→ Excerpted records
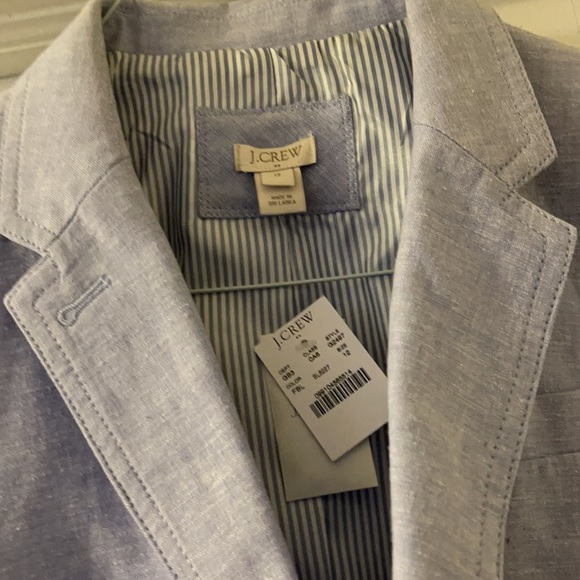 J. CREW chambray finish fitted blazer w/flare! - Picture 3 of 3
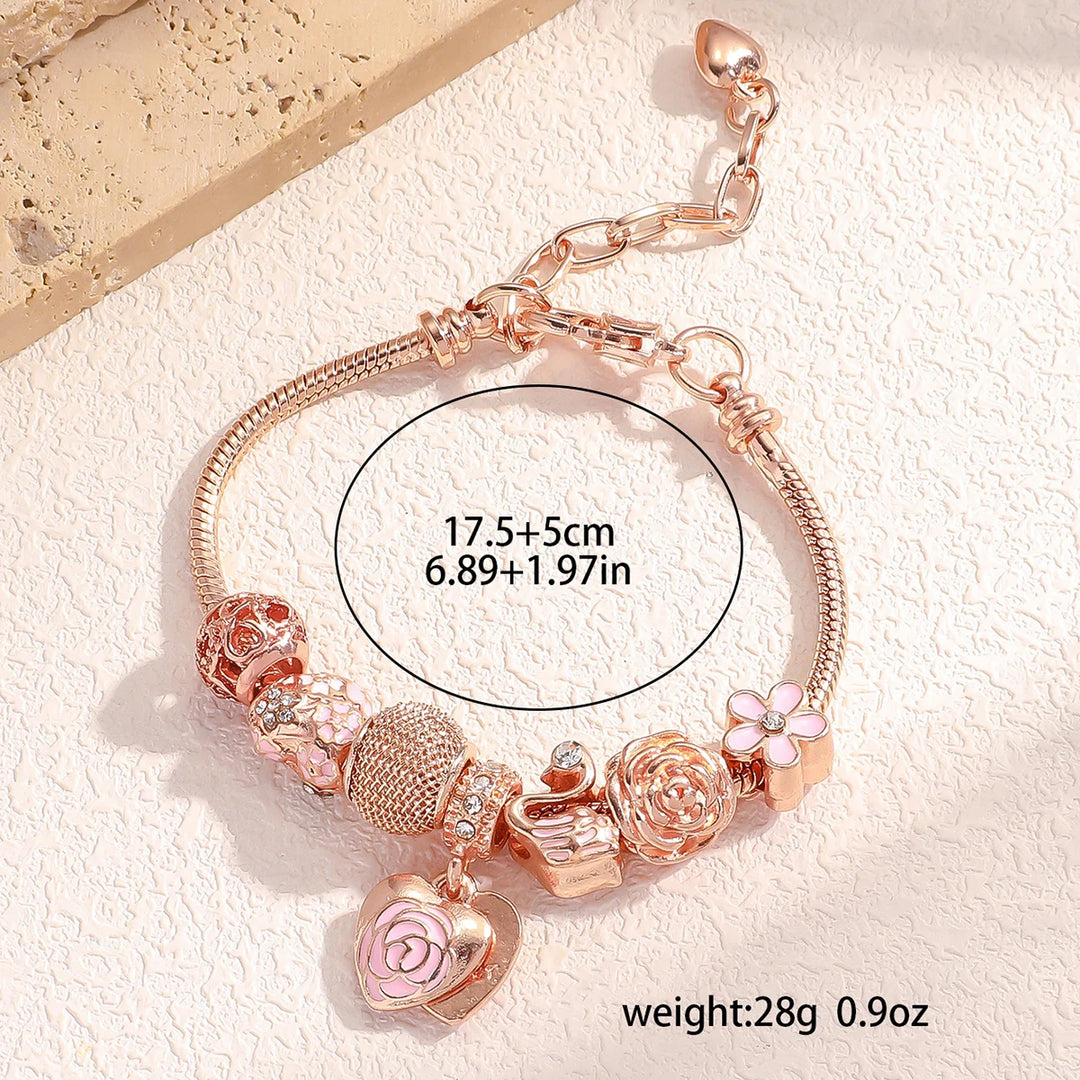 Rose gold charm bracelet with rose and pink flower charms; size/weight graphic not shown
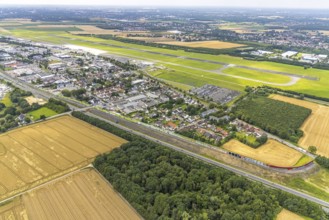 Aerial view, Dortmund Airport, residential area and commercial area Chaussee with noise protection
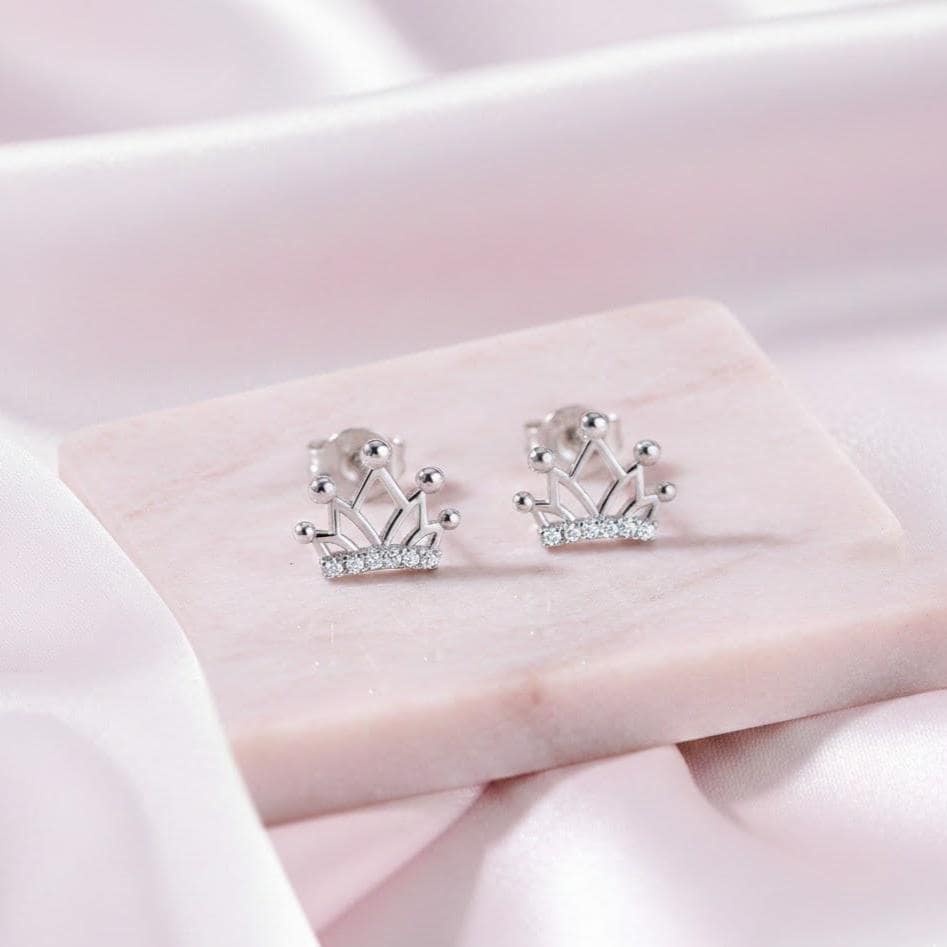 Sterling Silver Crystal Crown Stud Earrings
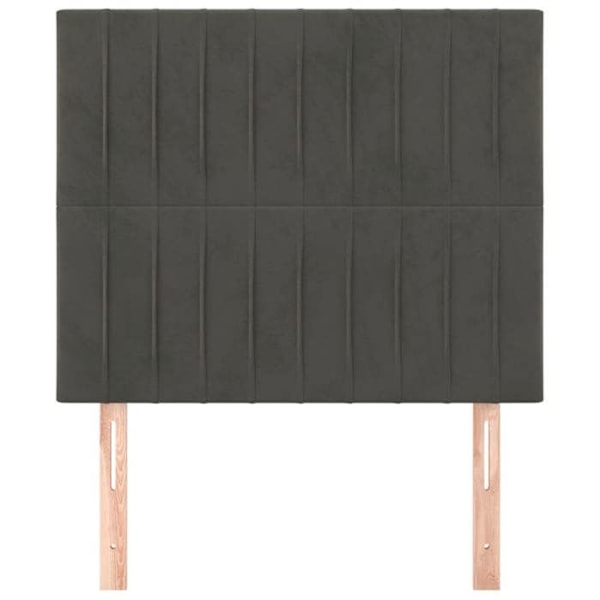Hovedgærde - Klassisk - 100x5x78/88 cm - Mørkegrå velour - Elegant og komfortabel Mörkgrå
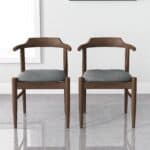Mid-Century Modern Brown Wood Dining Chair (Set of 2) 12 Mid-Century Modern Brown Wood Dining Chair (Set of 2)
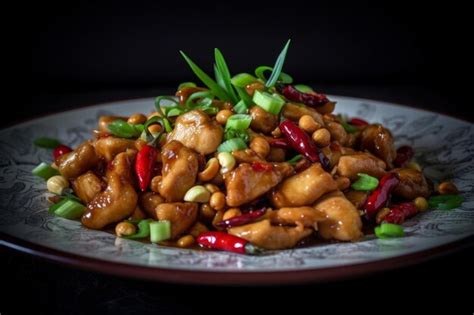 Poulet Kung Pao Aux Oignons Verts Et Piments Rouges Photo Premium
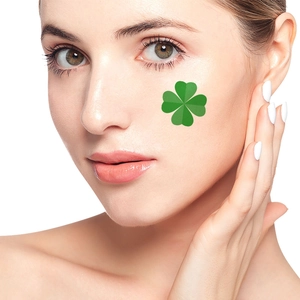 Waterproof green shamrock face tattoos for St. Patrick's Day celebration and makeup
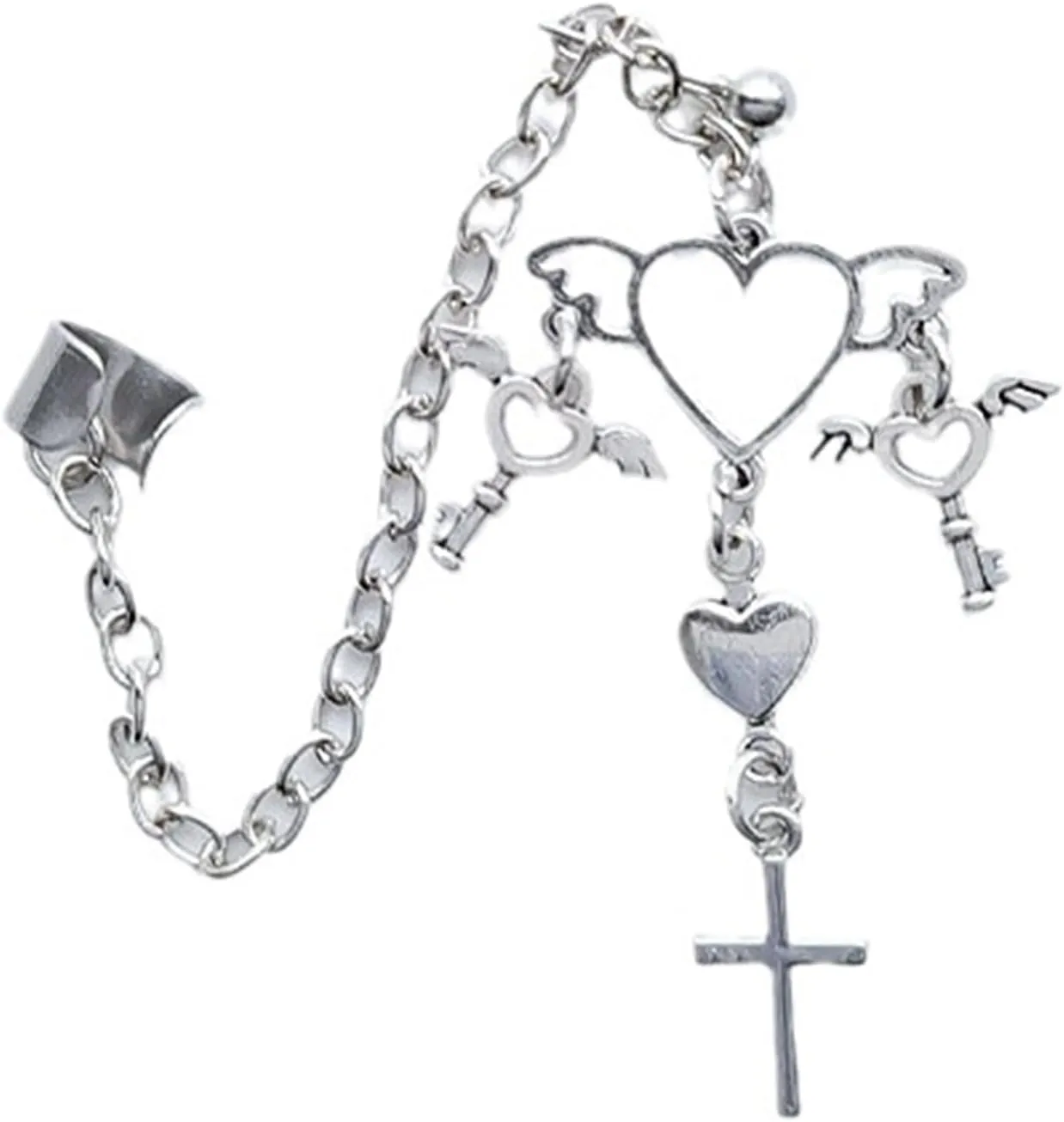 Punk Gothic Zircon Heart Earrings Chain Ear Cuff for Women Men Hip Hop Metal Clip Pieces Jewelry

→ Problem requirements
None of the pictures should be carried over when the data above is transcribed exactly.

→ Solution to the exercise
 J. CREW chambray finish fitted blazer w/flare! - Picture 3 of 3
 Rose gold charm bracelet with rose and pink flower charms; size/weight graphic not shown
 Aerial view, Dortmund Airport, residential area and commercial area Chaussee with noise protection
 Sterling Silver Crystal Crown Stud Earrings
Hovedgærde - Klassisk - 100x5x78/88 cm - Mørkegrå velour - Elegant og komfortabel Mörkgrå
Mid-Century Modern Brown Wood Dining Chair (Set of 2) 12 Mid-Century Modern Brown Wood Dining Chair (Set of 2)
 Poulet Kung Pao Aux Oignons Verts Et Piments Rouges Photo Premium
 Waterproof green shamrock face tattoos for St. Patrick's Day celebration and makeup
 Punk Gothic Zircon Heart Earrings Chain Ear Cuff for Women Men Hip Hop Metal Clip Pieces Jewelry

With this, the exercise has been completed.